DATASET:
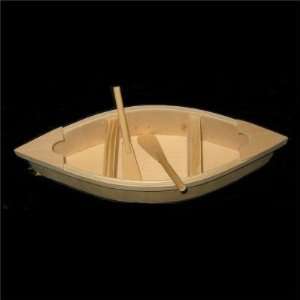  Darice 9610 17 Painted Wood Canoe Cutout, 9 Inch Arts 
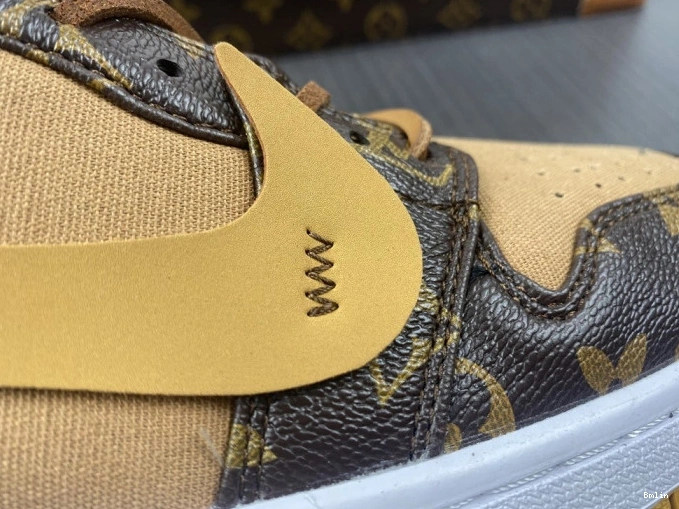 Bmlin x LOW Off-Louis AJ1 Air 1 Jordan OW 0804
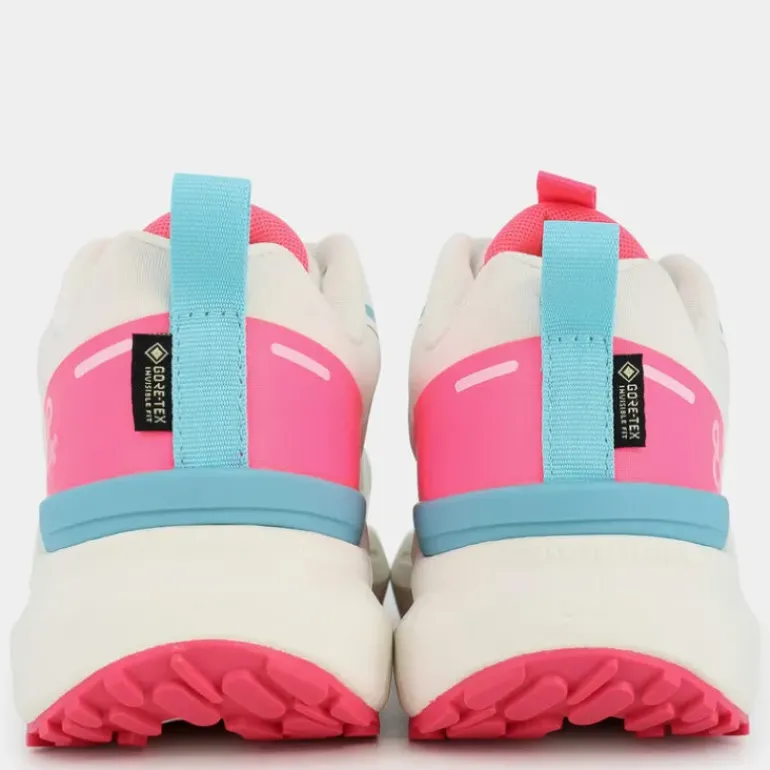 KAIZEN- SNEAKERS BIANCO-FUXIA 7705011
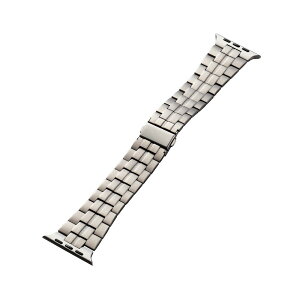 GR AbvEHb` oh Apple Watch Ultra 2 / Ultra / SE ( 2 / 1 ) / Series 9/ 8/ 7/ 6/ 5/ 4/ 3/ 2/ 1 [ 49mm 45mm 44mm 42mm ] `^ XeX O܂vbV xg Vo[ AW-49BDTITS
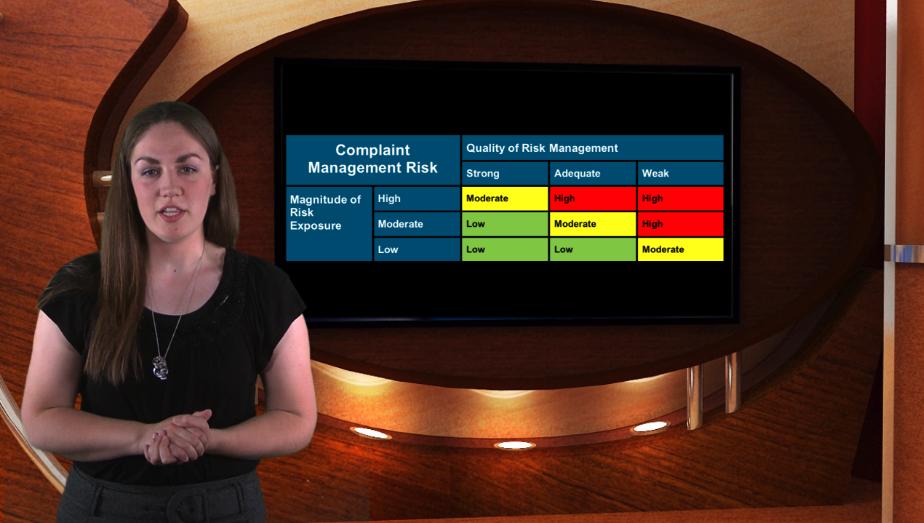 Risk Watch 15: Four Keys to a Strong Complaint Management Program (NEW VIDEO)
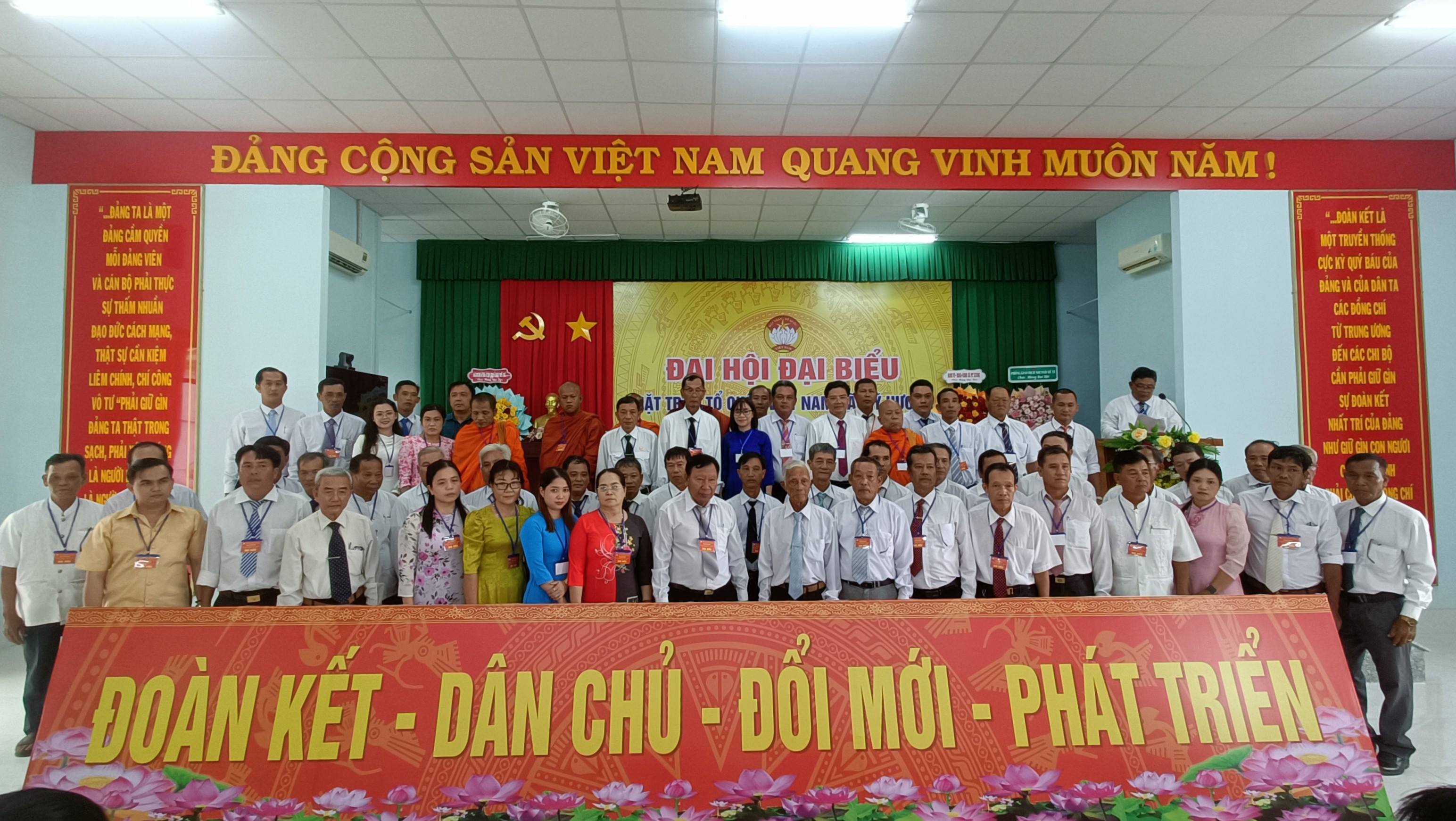 Mỹ Hương tổ chức thành công tốt đẹp Đại hội đại biểu Mặt trận Tổ quốc Việt Nam xã, lần thứ I, nhiệm kỳ 2025 - 2030 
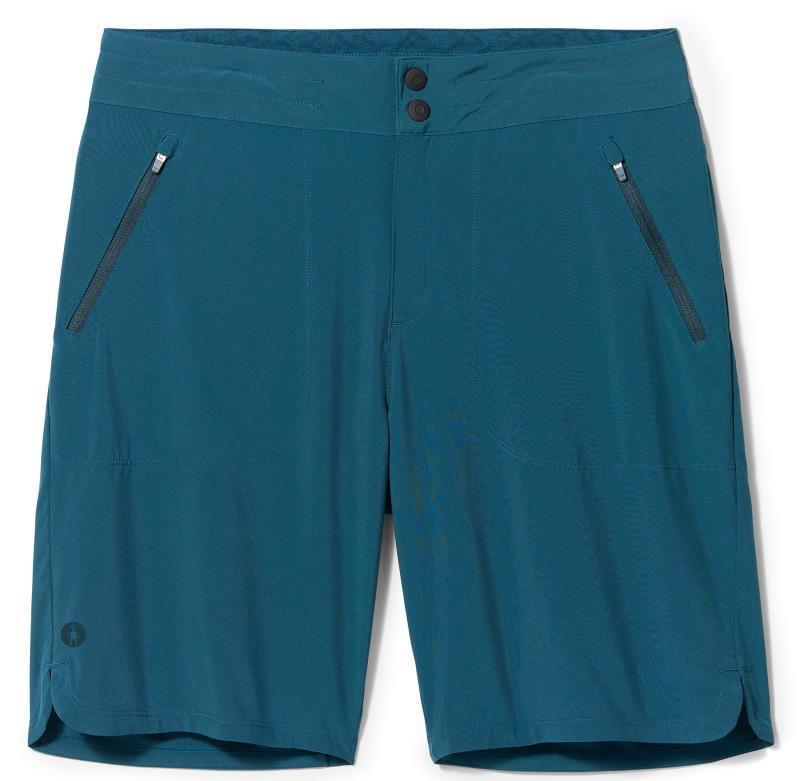 Shorts, 8" Inseam - Womens - Twilight Blue 1
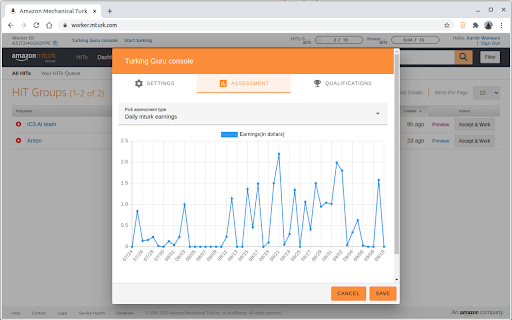 Turk Guru BETA | For MTurk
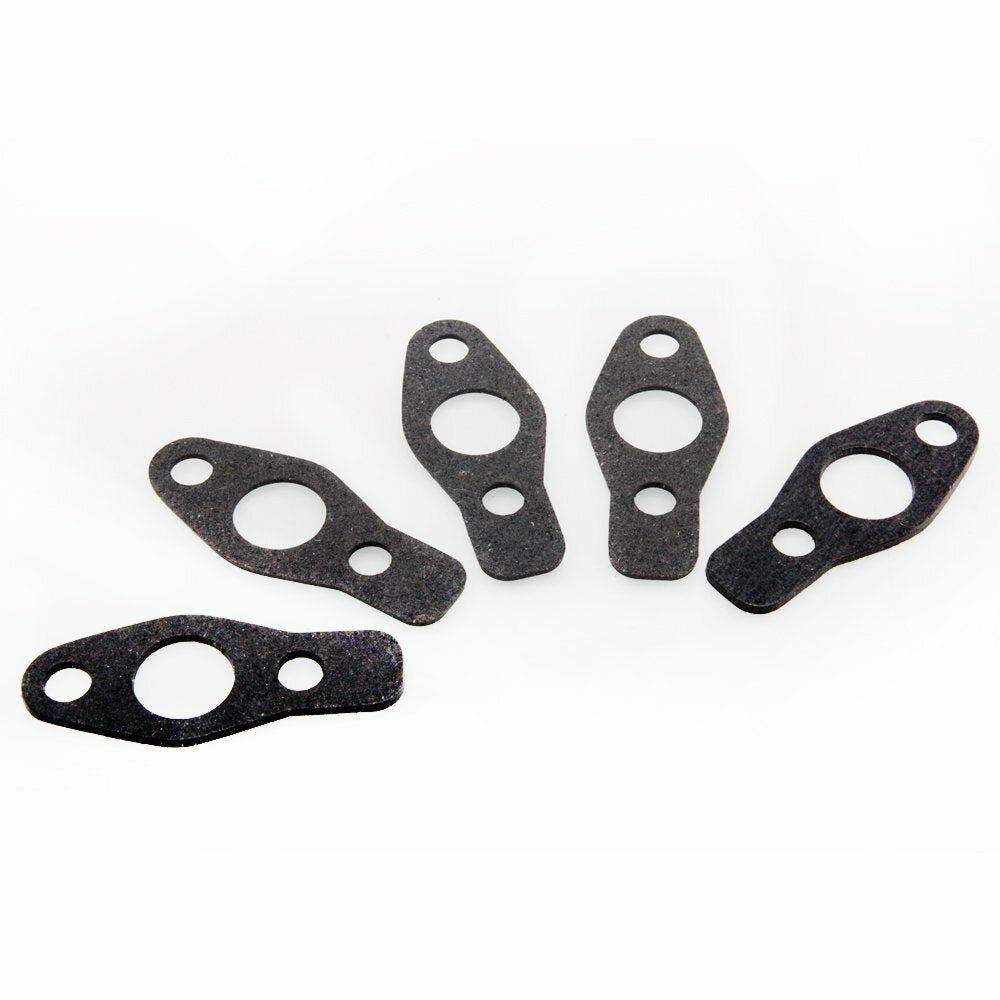 TRITDT Turbo Oil Drain Gasket Kit for Garrett GT17 GT20 GT22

TASK STATEMENT: Exact copy, no pictures: reproduce the whole listing above.

YOUR RESPONSE:
  Darice 9610 17 Painted Wood Canoe Cutout, 9 Inch Arts 
 Bmlin x LOW Off-Louis AJ1 Air 1 Jordan OW 0804
 KAIZEN- SNEAKERS BIANCO-FUXIA 7705011
 GR AbvEHb` oh Apple Watch Ultra 2 / Ultra / SE ( 2 / 1 ) / Series 9/ 8/ 7/ 6/ 5/ 4/ 3/ 2/ 1 [ 49mm 45mm 44mm 42mm ] `^ XeX O܂vbV xg Vo[ AW-49BDTITS
 Risk Watch 15: Four Keys to a Strong Complaint Management Program (NEW VIDEO)
 Mỹ Hương tổ chức thành công tốt đẹp Đại hội đại biểu Mặt trận Tổ quốc Việt Nam xã, lần thứ I, nhiệm kỳ 2025 - 2030 
 Shorts, 8" Inseam - Womens - Twilight Blue 1
 Turk Guru BETA | For MTurk
 TRITDT Turbo Oil Drain Gasket Kit for Garrett GT17 GT20 GT22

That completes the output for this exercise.